Data below:

● ● ● ● ● ● ●

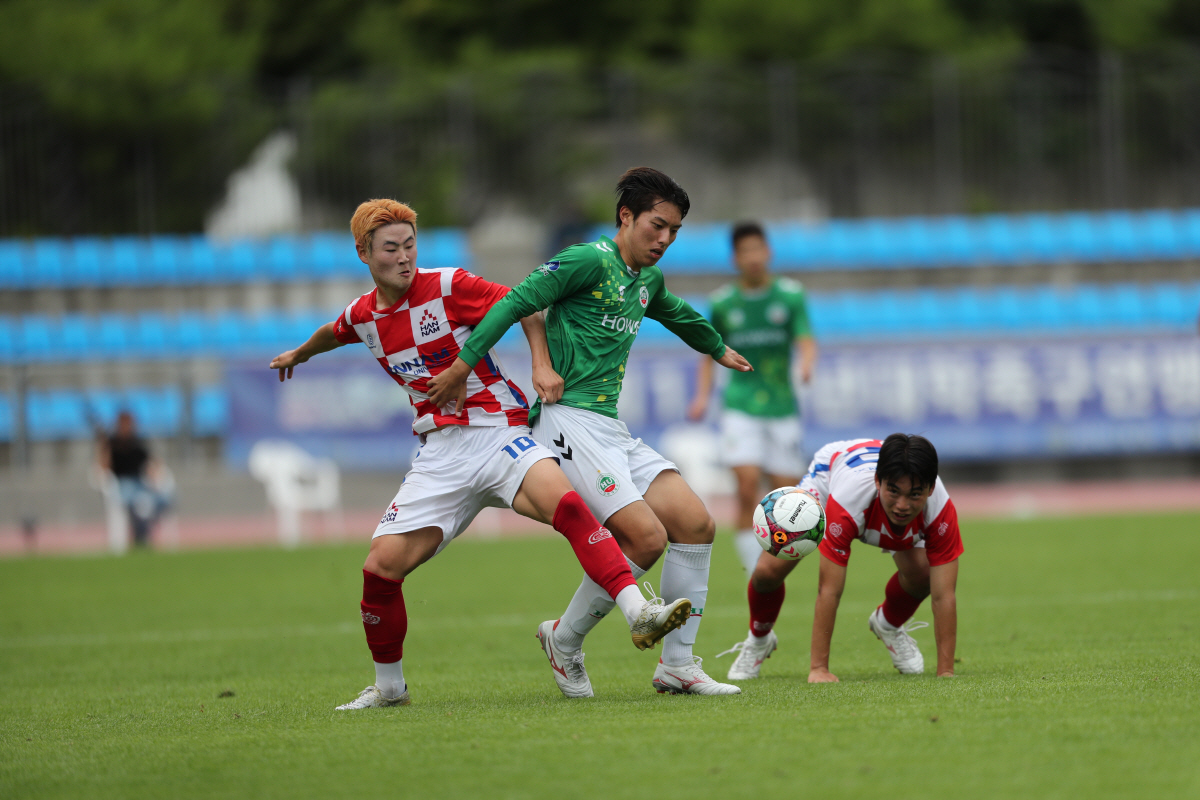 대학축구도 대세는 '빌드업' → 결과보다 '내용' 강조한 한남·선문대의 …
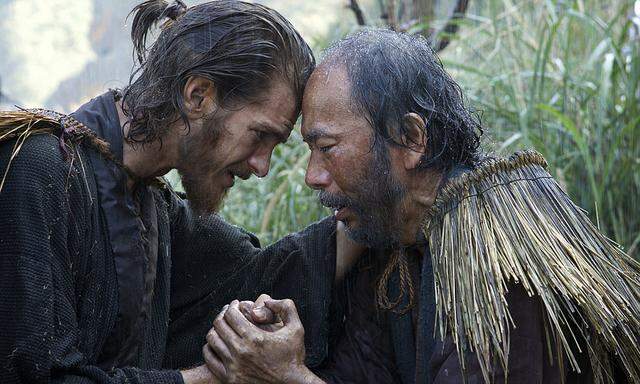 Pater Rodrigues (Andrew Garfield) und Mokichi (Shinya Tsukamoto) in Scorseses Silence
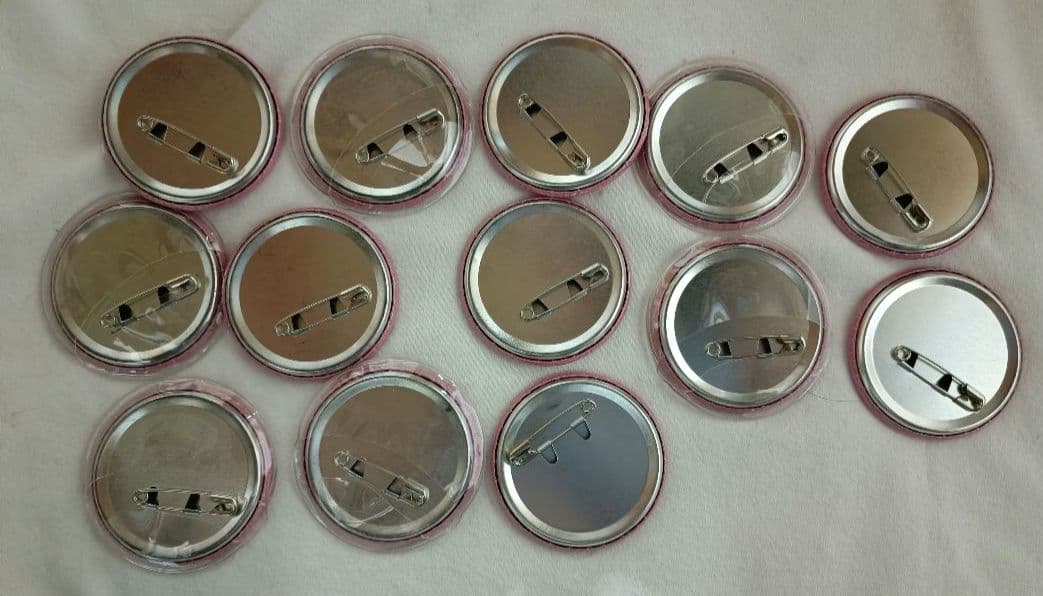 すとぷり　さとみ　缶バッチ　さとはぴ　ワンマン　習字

● ● ● ● ● ● ●

Required action: Since the listing holds pictures, return everything else in it exactly and omit those.

Exercise result:
 대학축구도 대세는 '빌드업' → 결과보다 '내용' 강조한 한남·선문대의 …
 Pater Rodrigues (Andrew Garfield) und Mokichi (Shinya Tsukamoto) in Scorseses Silence
 すとぷり　さとみ　缶バッチ　さとはぴ　ワンマン　習字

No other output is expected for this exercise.